PWAs is definitely one of the most exciting technologies to emerge in recent times in Web Development. Technologically speaking, PWAs are web apps enhanced with modern web technologies (Service Worker, Cache API, Push notifications, Web App Manifest) to provide a more app-like experience.

PWAs are installable on mobile devices

They’re pure web applications built with the very web technologies (HTML, JS & CSS) but they can be installed to mobile, tablet, Smart TV, etc. through a browser provided prompt, meaning you can have a link on your home screen to launch the app right away making it easier to access. And they work in all web browsers.

Example of mobile devices
Example: Twitter Lite Mobile

PWAs added to the home screen now show up anywhere you’d expect an app to show up; this includes the app launcher, task switcher and system settings.

Example of mobile devices
Twitter and Twitter Lite

All web applications that provides a valid manifest.json file in their index.html are installable, the format is described in MDN.

PWAs feel like a native app

Users don’t care about whether a technology is native, an installed web app or a website, what makes users engage is the experience itself. The installed PWA opens in full screen mode and it will look and act like any other app, even push notifications appear as if they come from a native app.

Twitter in mobile
Native app

 

PWAs are reliable & faster

They should work even if the network is poor or is unavailable to avoid typical ‘There is no Internet connection’ screen in traditional web apps.

To avoid this happening to end users Service Workers are used to cache the application, provide offline access to cached content and performance on par with natively-installed code.

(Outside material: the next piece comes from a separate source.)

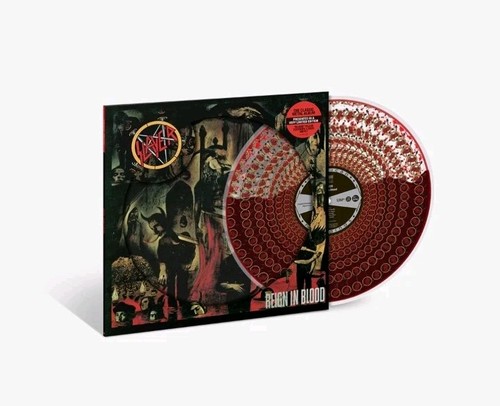 Slayer reign blood - -,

A Service Worker is essentially a JavaScript file that runs separately from the main browser thread, intercepting network requests, caching or retrieving resources from the cache and delivering push messages.

PWAs are developer friendly and easy to update

A PWA is basically a website, so you can write them with any framework you want and address any device (desktop, mobile, tablet, Smart TV…).

Unlike a “packaged” web app experience, PWAs are hosted on your servers and can be updated without issuing new updates to an app store. Not being in the app store means you don’t need the Apple or Google approval to be in the users pockets and you can release updates when you want.

As a web app some native functions are still not supported, and push notifications aren’t supported on iOS yet. For more information, see this page What web can do. Web apps are getting better and better, and with the recent improved support for PWAs in iOS and Windows we can now make a Progressive Web App and ship it to Android, iOS, Windows and Chrome OS, plus working in any modern web browser.